Under this formidable conspiracy of emotions, the excellent Mr Atheling had no chance: old dislike, pungent and prevailing, though no one knew exactly its object or its cause, and present pride and tenderness still more strong and earnest, moved him beyond his power of resistance. There was no occasion for the attack, scientifically planned, which was to have been made upon him in the evening. If they had been meditating at home all day upon this delightful bit of romance in their own family history, and going over, with joy and enthusiasm, every room and closet in Miss Bridget’s old house, Papa had been no less busy at the office. The uncertain tenor of a lawsuit had no longer any place in the good man’s memory, and the equivocal advantage of the ruinous old house oppressed him no longer. He began to think, by an amiable and agreeable sophistry, self-delusive, that it was his sacred duty to carry out the wishes of the dead.

CHAPTER XXI.

A LAW STUDENT

Steadily and laboriously these early summer days trudged on with Charlie, bringing no romantic visions nor dreams of brilliant fortune to tempt the imagination of the big boy. How his future looked to him no one knew. Charlie’s aspirations—if he had any—dwelt private and secure within his own capacious breast. He was not dazzled by his sudden heirship of the Old Wood Lodge; he was not much disturbed by the growing fame of his sister; those sweet May mornings did not tempt him to the long ramble through the fields, which Agnes and Marian did their best to persuade him to. Charlie was not insensible to the exhilarating morning breeze, the greensward under foot, and the glory of those great thorn-hedges, white with the blossoms of the May—he was by no means a stoic either, as regarded his own ease and leisure, to which inferior considerations this stout youth attached their due importance; but still it remained absolute with Charlie, his own unfailing answer to all temptations—he had “something else to do!”

And his ordinary day’s work was not of a very elevating character; he might have kept to that for years without acquiring much knowledge of his profession; and though he still was resolute to occupy no sham position, and determined that neither mother nor sisters should make sacrifices for him, Charlie felt no hesitation in making a brief and forcible statement to Mr Foggo on the subject. Mr Foggo listened with a pleased and gracious ear. “I’m not going to be a copying-clerk all my life,” said Charlie. He was not much over seventeen; he was not remarkably well educated; he was a poor man’s son, without connection, patronage, or influence. Notwithstanding, the acute old Scotsman looked at Charlie, lifting up the furrows of his brow, and pressing down his formidable upper-lip. The critical old lawyer smiled, but believed him. There was no possibility of questioning that obstinate big boy.

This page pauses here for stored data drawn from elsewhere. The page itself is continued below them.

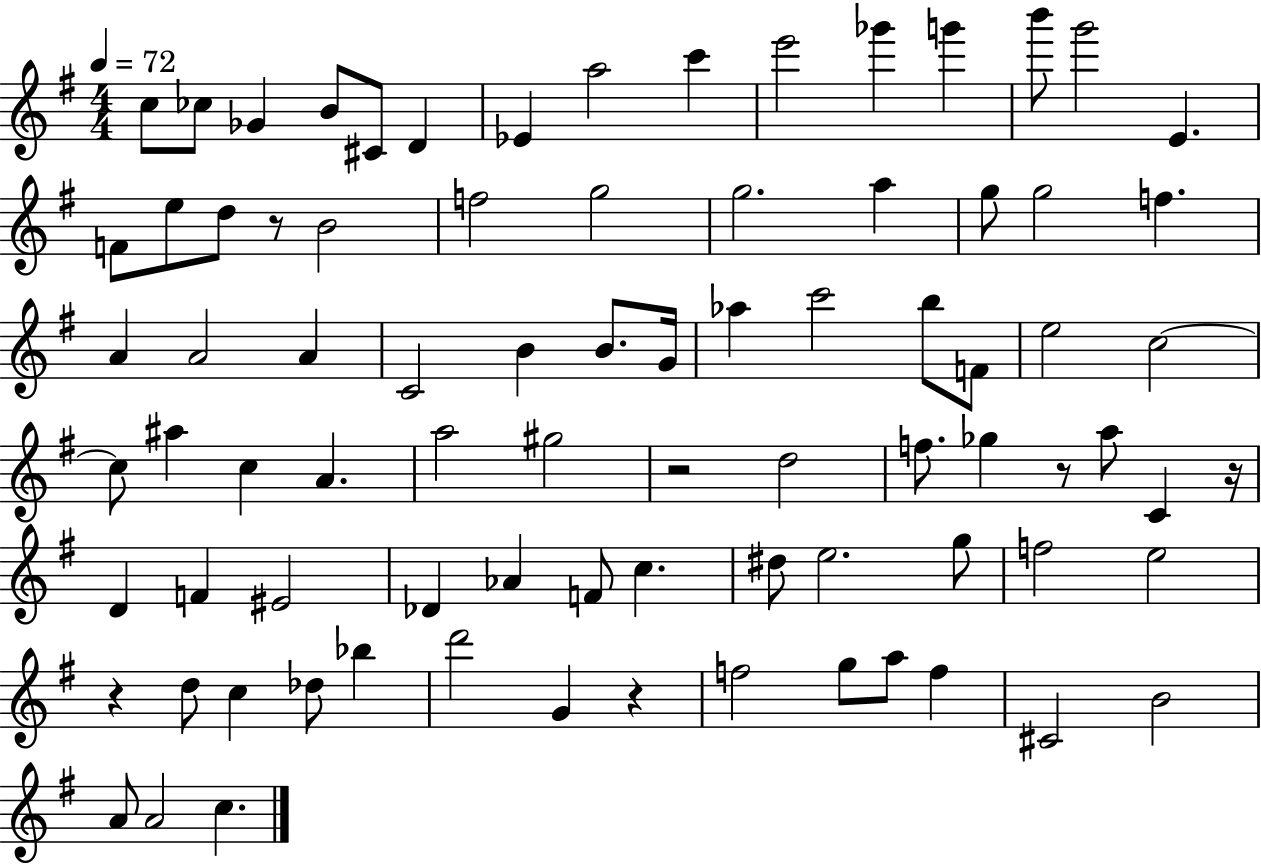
{
  \clef treble
  \numericTimeSignature
  \time 4/4
  \key g \major
  \tempo 4 = 72
  c''8 ces''8 ges'4 b'8 cis'8 d'4 | ees'4 a''2 c'''4 | e'''2 ges'''4 g'''4 | b'''8 g'''2 e'4. | \break f'8 e''8 d''8 r8 b'2 | f''2 g''2 | g''2. a''4 | g''8 g''2 f''4. | \break a'4 a'2 a'4 | c'2 b'4 b'8. g'16 | aes''4 c'''2 b''8 f'8 | e''2 c''2~~ | \break c''8 ais''4 c''4 a'4. | a''2 gis''2 | r2 d''2 | f''8. ges''4 r8 a''8 c'4 r16 | \break d'4 f'4 eis'2 | des'4 aes'4 f'8 c''4. | dis''8 e''2. g''8 | f''2 e''2 | \break r4 d''8 c''4 des''8 bes''4 | d'''2 g'4 r4 | f''2 g''8 a''8 f''4 | cis'2 b'2 | \break a'8 a'2 c''4. | \bar "|."
}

So Mr Foggo (acknowledged to be the most influential of chief clerks, and supposed to be a partner in the firm) made interest on behalf of Charlie, that he might have access, before business hours, to the law library of the house. The firm laughed, and gave permission graciously. The firm joked with its manager upon his credulity: a boy of seventeen coming at seven o’clock to voluntary study—and to take in a Scotsman—old Foggo! The firm grew perfectly jolly over this capital joke. Old Foggo smiled too, grimly, knowing better; and Charlie accordingly began his career.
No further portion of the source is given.